▶ [Task description]:
Your answer must consist solely of the line containing "4. Burj Khalifa" and all subsequent lines through the end of the entries, reproduced exactly.

———

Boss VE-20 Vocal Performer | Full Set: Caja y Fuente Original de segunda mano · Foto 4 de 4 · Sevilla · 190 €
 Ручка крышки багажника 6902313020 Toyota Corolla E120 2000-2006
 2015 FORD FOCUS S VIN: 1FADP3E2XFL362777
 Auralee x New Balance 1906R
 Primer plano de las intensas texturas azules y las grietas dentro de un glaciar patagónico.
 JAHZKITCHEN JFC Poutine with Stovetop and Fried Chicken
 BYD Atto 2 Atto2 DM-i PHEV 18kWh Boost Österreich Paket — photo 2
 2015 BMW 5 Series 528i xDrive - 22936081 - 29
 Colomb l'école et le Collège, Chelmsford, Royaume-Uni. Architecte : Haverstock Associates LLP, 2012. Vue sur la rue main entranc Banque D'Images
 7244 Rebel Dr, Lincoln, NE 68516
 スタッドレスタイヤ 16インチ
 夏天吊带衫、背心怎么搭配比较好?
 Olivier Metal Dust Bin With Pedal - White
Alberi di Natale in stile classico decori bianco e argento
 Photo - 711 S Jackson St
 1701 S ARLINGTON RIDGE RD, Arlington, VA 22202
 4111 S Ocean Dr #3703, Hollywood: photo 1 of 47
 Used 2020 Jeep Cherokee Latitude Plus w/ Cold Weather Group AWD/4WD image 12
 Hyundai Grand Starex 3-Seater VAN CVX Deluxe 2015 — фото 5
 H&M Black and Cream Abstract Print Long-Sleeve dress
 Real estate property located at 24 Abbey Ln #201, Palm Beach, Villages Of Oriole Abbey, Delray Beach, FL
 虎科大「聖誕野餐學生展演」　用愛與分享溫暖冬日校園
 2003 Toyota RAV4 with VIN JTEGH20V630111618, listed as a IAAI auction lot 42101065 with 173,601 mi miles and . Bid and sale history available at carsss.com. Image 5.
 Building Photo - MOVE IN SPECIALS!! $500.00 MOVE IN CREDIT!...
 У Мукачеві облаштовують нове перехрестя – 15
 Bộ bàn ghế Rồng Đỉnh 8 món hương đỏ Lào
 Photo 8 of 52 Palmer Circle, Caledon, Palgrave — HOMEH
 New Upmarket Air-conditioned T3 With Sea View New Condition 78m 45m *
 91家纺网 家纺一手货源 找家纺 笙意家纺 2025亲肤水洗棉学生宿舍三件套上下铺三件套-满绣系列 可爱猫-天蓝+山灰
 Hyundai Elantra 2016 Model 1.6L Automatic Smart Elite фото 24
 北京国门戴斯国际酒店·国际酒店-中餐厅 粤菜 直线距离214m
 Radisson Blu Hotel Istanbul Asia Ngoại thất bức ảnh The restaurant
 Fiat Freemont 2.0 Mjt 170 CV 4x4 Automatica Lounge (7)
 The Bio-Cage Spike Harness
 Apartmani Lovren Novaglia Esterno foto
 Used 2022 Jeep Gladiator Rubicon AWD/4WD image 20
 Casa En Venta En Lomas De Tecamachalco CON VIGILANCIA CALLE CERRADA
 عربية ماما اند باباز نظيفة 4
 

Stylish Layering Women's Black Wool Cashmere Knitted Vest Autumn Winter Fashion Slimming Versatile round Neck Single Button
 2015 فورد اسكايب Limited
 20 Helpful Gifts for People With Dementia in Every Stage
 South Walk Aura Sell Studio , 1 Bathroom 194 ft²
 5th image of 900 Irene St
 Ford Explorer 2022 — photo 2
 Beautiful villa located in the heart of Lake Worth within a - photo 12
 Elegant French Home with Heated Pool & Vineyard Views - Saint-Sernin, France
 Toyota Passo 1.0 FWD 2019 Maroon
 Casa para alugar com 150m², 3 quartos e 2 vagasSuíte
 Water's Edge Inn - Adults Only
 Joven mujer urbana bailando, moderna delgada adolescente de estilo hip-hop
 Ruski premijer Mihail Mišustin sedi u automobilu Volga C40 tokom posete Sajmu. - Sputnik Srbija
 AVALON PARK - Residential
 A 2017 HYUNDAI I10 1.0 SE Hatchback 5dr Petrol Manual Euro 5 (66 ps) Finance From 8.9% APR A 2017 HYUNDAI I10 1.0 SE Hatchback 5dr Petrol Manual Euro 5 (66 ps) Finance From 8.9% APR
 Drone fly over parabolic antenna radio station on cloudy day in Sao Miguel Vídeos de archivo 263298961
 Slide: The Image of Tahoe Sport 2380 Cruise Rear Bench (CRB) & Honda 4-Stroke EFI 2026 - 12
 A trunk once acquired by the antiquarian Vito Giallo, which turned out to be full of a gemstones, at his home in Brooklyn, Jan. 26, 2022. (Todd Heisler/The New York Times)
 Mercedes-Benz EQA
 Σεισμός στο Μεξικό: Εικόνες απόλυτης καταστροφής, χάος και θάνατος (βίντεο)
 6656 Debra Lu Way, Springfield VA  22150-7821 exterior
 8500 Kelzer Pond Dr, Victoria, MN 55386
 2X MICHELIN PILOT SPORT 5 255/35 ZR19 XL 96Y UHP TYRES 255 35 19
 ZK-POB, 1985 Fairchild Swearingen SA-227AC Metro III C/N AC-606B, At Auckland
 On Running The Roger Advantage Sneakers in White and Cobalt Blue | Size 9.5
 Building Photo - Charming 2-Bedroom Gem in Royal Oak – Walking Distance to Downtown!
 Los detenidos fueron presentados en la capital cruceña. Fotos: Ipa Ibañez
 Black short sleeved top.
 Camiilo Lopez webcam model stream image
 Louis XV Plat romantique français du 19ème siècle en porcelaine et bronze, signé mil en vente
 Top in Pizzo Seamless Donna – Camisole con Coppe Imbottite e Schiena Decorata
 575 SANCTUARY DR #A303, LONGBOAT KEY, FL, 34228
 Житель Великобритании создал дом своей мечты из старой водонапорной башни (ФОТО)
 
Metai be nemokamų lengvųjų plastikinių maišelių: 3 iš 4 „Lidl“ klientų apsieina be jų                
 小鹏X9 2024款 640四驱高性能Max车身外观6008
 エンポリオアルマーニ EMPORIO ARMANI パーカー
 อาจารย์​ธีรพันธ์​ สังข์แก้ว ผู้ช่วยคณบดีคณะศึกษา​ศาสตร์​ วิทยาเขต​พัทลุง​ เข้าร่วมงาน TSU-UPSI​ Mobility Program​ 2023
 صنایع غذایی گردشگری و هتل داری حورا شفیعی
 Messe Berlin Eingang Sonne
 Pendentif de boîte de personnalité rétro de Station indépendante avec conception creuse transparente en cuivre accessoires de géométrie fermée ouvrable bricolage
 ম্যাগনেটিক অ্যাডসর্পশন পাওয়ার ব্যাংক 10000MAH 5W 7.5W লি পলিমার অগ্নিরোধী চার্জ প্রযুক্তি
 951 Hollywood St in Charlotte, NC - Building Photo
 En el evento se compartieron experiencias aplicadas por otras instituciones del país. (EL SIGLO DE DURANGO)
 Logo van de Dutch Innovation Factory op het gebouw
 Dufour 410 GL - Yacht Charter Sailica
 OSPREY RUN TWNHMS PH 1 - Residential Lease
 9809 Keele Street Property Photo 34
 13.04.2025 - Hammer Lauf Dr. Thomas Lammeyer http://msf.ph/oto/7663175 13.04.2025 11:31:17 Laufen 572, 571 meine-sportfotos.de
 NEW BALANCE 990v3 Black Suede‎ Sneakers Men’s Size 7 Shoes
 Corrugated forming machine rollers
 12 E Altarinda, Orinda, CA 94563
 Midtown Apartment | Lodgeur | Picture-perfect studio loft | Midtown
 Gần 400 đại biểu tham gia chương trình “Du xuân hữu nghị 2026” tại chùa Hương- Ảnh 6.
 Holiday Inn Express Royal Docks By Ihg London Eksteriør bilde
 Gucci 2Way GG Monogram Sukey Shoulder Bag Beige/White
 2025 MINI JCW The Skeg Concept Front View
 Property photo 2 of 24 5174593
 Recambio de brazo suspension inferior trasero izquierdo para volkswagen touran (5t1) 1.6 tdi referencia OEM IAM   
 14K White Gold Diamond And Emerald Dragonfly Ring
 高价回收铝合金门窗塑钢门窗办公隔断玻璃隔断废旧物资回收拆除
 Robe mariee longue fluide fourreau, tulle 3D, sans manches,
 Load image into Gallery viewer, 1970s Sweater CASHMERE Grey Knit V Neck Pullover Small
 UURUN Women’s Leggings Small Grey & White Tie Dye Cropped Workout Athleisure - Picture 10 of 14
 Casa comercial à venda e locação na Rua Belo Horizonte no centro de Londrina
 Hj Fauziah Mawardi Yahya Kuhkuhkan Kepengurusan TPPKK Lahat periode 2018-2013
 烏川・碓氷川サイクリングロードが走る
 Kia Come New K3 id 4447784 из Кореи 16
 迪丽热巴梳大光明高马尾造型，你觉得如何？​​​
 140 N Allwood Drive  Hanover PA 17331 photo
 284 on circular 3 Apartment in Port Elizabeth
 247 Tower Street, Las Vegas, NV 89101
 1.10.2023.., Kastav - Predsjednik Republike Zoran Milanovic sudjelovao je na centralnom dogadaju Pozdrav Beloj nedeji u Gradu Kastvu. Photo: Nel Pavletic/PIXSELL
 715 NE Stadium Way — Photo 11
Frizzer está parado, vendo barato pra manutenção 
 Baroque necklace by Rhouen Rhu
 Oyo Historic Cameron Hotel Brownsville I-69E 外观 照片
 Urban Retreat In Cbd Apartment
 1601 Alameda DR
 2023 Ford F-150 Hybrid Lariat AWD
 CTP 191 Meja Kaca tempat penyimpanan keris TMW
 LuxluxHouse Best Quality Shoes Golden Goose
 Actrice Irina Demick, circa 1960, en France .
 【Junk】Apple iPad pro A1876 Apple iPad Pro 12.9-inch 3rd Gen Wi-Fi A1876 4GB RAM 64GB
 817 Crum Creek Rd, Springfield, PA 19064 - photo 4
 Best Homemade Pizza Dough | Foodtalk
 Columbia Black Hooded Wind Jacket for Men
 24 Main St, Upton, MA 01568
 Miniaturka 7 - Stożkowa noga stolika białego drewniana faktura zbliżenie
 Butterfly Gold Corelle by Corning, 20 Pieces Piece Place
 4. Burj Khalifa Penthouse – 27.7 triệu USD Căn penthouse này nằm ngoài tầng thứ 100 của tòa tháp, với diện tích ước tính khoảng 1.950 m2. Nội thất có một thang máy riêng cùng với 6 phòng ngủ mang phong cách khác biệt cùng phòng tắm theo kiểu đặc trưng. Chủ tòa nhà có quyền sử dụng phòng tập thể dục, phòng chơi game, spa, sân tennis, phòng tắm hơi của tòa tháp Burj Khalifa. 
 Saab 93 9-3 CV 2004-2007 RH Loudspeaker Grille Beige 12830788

———

▶ [Your solution]:
 4. Burj Khalifa Penthouse – 27.7 triệu USD Căn penthouse này nằm ngoài tầng thứ 100 của tòa tháp, với diện tích ước tính khoảng 1.950 m2. Nội thất có một thang máy riêng cùng với 6 phòng ngủ mang phong cách khác biệt cùng phòng tắm theo kiểu đặc trưng. Chủ tòa nhà có quyền sử dụng phòng tập thể dục, phòng chơi game, spa, sân tennis, phòng tắm hơi của tòa tháp Burj Khalifa. 
 Saab 93 9-3 CV 2004-2007 RH Loudspeaker Grille Beige 12830788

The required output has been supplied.